TASK INSTRUCTIONS
Your task is to retype, exactly and only, the lines from the one containing "Appraisal: English silver" to the final line of the entries, leaving out all pictures.

MATERIAL FOR THIS EXERCISE
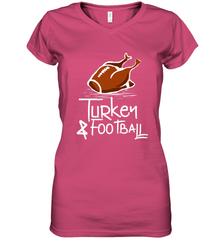 Turkey And Football Thanksgiving Day Football Fan Holiday Gift Women's V-Neck T-Shirt Women's V-Neck T-Shirt - HHHstores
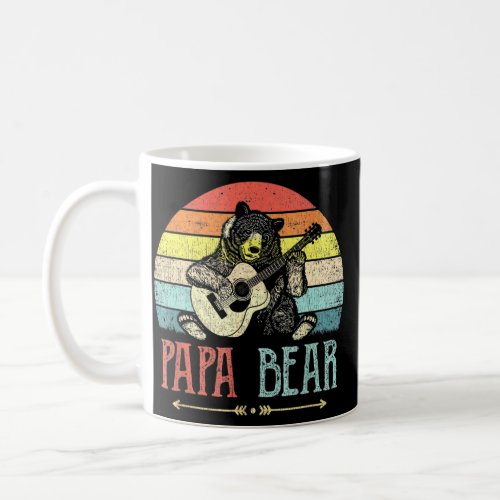 Vintage Papa Bear Playing Guitar Dad Guitar Coffee Mug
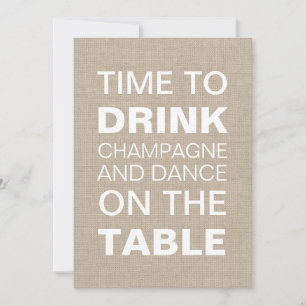 Burlap Typography Rehearsal Dinner Invitation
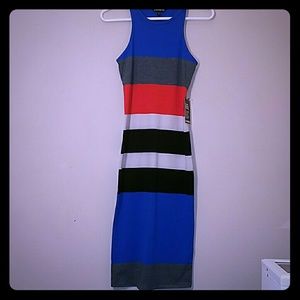 Mid Calf Multi Stripped Tank Dress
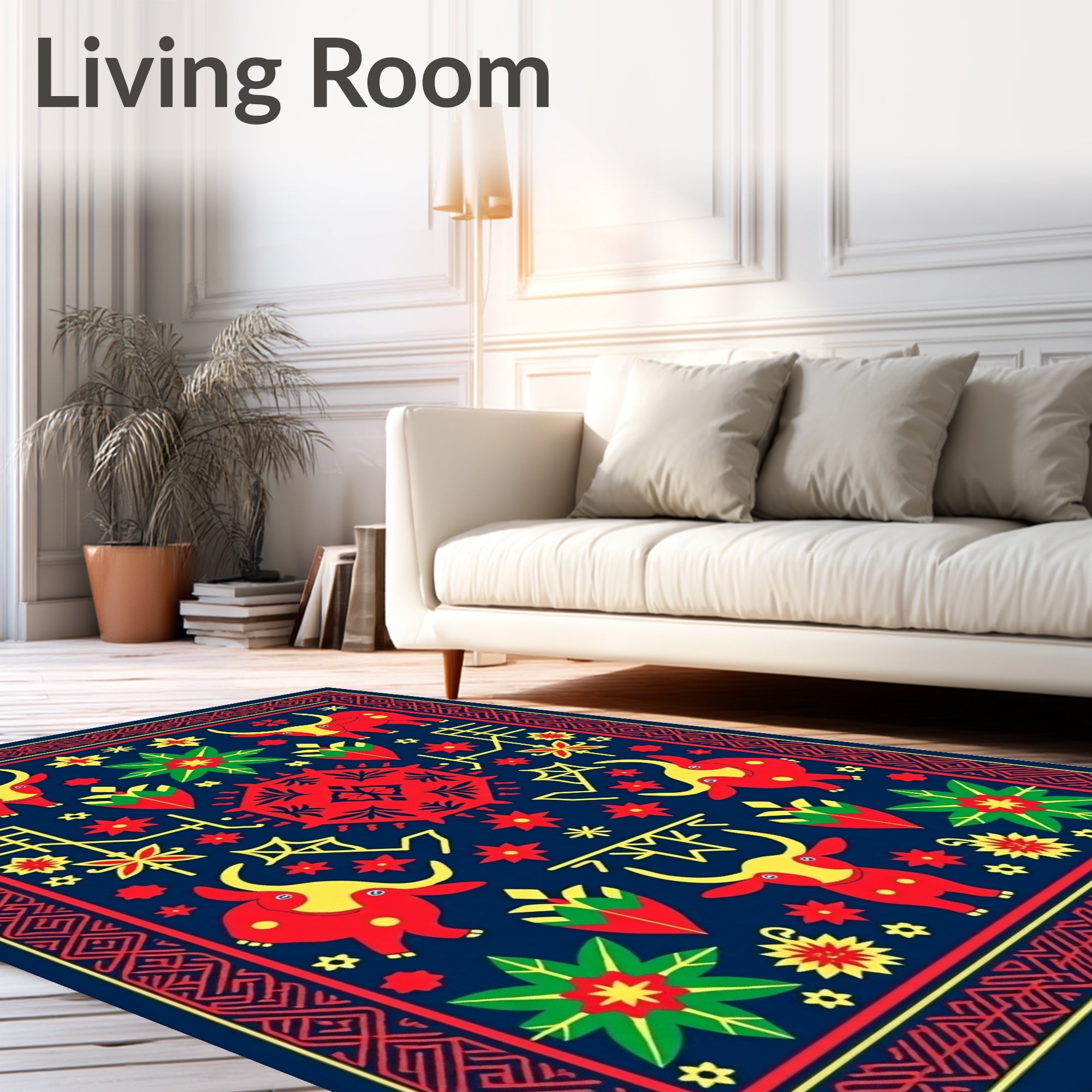 Crimson Bull Floral Geometric Medley Rug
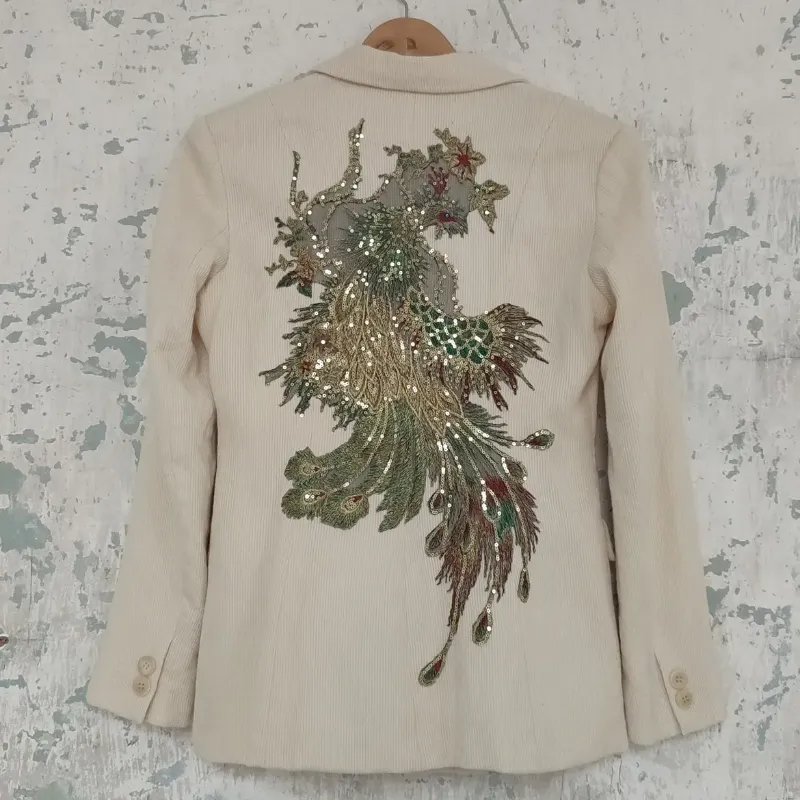 Chaqueta de corduroy blanco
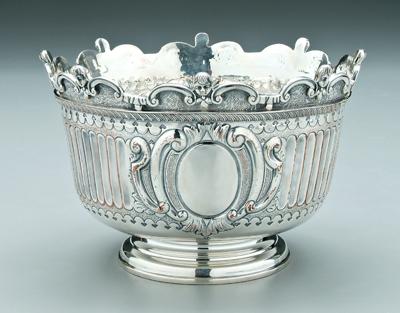 Appraisal: English silver plate bowl round with fluted body scalloped border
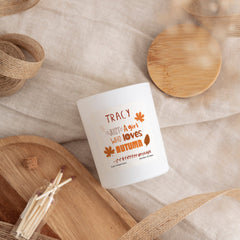 Personalised Pumpkin Spice Soy Wax Candle, Just A Girl Who Loves Autumn, Scented Candle, Hand - Poured Cosy Gift for Her September Birthday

RESPONSE TO THE TASK
 Appraisal: English silver plate bowl round with fluted body scalloped border
 Personalised Pumpkin Spice Soy Wax Candle, Just A Girl Who Loves Autumn, Scented Candle, Hand - Poured Cosy Gift for Her September Birthday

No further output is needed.